OFFER TO ACQUIRE MURRAY & ROBERTS BY ATON GMBH (“ATON”)
Murray & Roberts’ strategic direction and portfolio of businesses have made it an attractive investment. During the financial year an offer was made by ATON to procure control of Murray & Roberts, through its formal offer to the remaining shareholders to acquire all their shares in Murray & Roberts at R15 per share. An independent committee of the Board was constituted to respond to the ATON offer (“Independent Board”), and recommended that shareholders reject the offer as it was below the fair price range for control, which was considered to be in the range of R20 to R22 per share, as determined by the Independent Board.
ATON increased its investment in the Group to some 44% from around 30%. Exceeding 35% triggered the Companies Act requirement to make a mandatory offer to all shareholders. This offer was made on 2 July 2018 at R17 per share, subject to certain conditions. The offer will remain open to shareholders for acceptance for no less than 10 business days after the offer is declared unconditional in all respects.
The Group’s strategic aspirations and ATON’s investment objectives in relation to Murray & Roberts are not aligned. This has resulted in the Group’s aspirations, which includes making strategic acquisitions and repurchasing its own shares, being impeded. The Group remains open to engage with ATON to clarify its intentions with Murray & Roberts and to seek alignment on the Group’s strategic direction.
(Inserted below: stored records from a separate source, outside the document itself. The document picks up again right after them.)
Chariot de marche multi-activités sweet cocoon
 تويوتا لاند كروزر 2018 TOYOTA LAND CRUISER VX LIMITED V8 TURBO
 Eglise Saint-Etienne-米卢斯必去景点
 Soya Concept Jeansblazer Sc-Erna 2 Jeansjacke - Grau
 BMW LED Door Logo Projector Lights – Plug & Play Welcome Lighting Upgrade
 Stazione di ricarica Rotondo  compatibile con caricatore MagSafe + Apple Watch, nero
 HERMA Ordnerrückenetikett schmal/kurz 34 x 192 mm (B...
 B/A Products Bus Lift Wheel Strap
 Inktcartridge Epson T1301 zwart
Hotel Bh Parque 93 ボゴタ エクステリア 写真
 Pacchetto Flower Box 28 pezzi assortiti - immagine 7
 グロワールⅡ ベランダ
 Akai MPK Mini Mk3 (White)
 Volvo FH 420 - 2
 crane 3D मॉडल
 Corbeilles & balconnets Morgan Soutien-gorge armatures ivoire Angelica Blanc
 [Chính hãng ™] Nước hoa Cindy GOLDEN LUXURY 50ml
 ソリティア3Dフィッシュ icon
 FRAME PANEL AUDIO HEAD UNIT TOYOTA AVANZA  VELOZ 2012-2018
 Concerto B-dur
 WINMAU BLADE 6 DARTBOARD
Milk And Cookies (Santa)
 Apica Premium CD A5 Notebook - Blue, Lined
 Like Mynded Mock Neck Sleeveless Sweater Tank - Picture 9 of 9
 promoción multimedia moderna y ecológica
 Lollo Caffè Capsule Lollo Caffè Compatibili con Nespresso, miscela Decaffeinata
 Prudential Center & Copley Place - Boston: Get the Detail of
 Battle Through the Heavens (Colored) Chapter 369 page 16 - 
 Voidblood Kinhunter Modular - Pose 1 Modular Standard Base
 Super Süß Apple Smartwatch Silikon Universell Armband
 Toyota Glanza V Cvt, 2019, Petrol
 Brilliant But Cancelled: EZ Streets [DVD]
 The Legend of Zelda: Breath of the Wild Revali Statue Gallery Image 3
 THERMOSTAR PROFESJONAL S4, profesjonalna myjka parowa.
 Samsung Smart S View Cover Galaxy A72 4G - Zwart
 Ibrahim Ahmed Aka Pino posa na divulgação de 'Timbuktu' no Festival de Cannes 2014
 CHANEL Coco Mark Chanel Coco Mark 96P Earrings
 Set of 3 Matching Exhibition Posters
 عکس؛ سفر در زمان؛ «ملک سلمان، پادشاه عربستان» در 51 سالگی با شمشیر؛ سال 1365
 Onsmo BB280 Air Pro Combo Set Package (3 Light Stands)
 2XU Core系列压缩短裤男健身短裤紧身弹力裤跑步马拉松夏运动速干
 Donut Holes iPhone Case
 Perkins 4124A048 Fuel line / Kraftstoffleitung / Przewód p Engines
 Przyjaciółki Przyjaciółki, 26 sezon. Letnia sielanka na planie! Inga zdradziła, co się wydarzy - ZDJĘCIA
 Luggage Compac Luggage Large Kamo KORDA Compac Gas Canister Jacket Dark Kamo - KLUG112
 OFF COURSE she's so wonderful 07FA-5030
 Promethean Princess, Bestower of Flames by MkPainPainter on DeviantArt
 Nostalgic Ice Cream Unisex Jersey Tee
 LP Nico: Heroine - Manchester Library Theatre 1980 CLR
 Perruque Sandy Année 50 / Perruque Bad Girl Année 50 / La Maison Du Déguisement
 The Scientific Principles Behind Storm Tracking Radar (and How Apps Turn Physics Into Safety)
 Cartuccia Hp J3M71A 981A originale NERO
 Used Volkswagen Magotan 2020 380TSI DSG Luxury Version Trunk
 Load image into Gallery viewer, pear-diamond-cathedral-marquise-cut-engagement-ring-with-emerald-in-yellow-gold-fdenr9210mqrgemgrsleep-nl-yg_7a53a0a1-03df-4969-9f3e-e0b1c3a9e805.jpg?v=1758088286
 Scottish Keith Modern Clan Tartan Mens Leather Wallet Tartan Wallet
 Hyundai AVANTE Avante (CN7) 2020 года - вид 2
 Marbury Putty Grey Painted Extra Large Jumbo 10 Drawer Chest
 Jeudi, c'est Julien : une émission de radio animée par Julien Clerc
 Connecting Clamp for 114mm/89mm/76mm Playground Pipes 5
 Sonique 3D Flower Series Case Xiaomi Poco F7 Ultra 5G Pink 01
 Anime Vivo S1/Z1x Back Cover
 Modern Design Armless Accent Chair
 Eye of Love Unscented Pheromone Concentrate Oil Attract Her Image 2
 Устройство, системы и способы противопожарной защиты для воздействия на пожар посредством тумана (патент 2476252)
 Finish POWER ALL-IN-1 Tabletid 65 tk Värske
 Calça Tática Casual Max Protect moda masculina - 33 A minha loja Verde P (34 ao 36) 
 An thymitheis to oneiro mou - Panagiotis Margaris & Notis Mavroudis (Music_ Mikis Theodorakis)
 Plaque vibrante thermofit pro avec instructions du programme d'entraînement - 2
POTENTIAL TRANSACTION WITH AVENG
The potential combination of Murray & Roberts and Aveng, an opportunity which the Group was considering since the fourth quarter of 2017, was announced in May 2018. The proposed combination of Murray & Roberts’ Oil & Gas and Underground Mining platforms with Aveng’s McConnell Dowell (infrastructure) and Moolmans (mining) businesses was compelling and would have established Murray & Roberts as a significant multinational engineering and construction group.
The Group obtained the requisite approvals from the Takeover Regulation Panel and our shareholders to further develop this transaction. The Takeover Special Committee then overturned the Takeover Regulation Panel approval and ruled that Murray & Roberts may not develop the potential transaction whilst the ATON mandatory offer remains in place.
As part of Aveng’s recent rights offer, ATON acquired 25.42% of Aveng’s equity, thereby establishing negative control of Aveng. ATON was not supportive of the combination of Murray & Roberts and Aveng, and with its shareholding in Aveng it has the ability to block any such combination.
Following these developments, the Murray & Roberts Board withdrew from the potential Aveng transaction in early August 2018.
|#||The operating performance information disclosed has been extracted from the Group’s operational reporting systems. The Corporate & Properties segment is excluded from the operational analysis. Unless otherwise noted, all comparisons are to the Group’s performance as at, and for the year ended, 30 June 2017.|
Revenue from continuing operations increased by 2% to R21,8 billion (FY2017: R21,4 billion) and attributable earnings increased by 456% to R267 million (FY2017: R48 million). Diluted continuing headline earnings per share (“HEPS”) increased by 56% to 112 cents (FY2017: 72 cents). Cash, net of debt, increased to R2 billion (30 June 2017: R1,8 billion).
Capital expenditure for continuing operations for the year was R436 million (FY2017: R511 million) of which R358 million (FY2017: R395 million) was for expansion and R78 million (FY2017: R116 million) for replacement. The order book for continuing operations increased by 12% to R30,1 billion (30 June 2017: R26,9 billion).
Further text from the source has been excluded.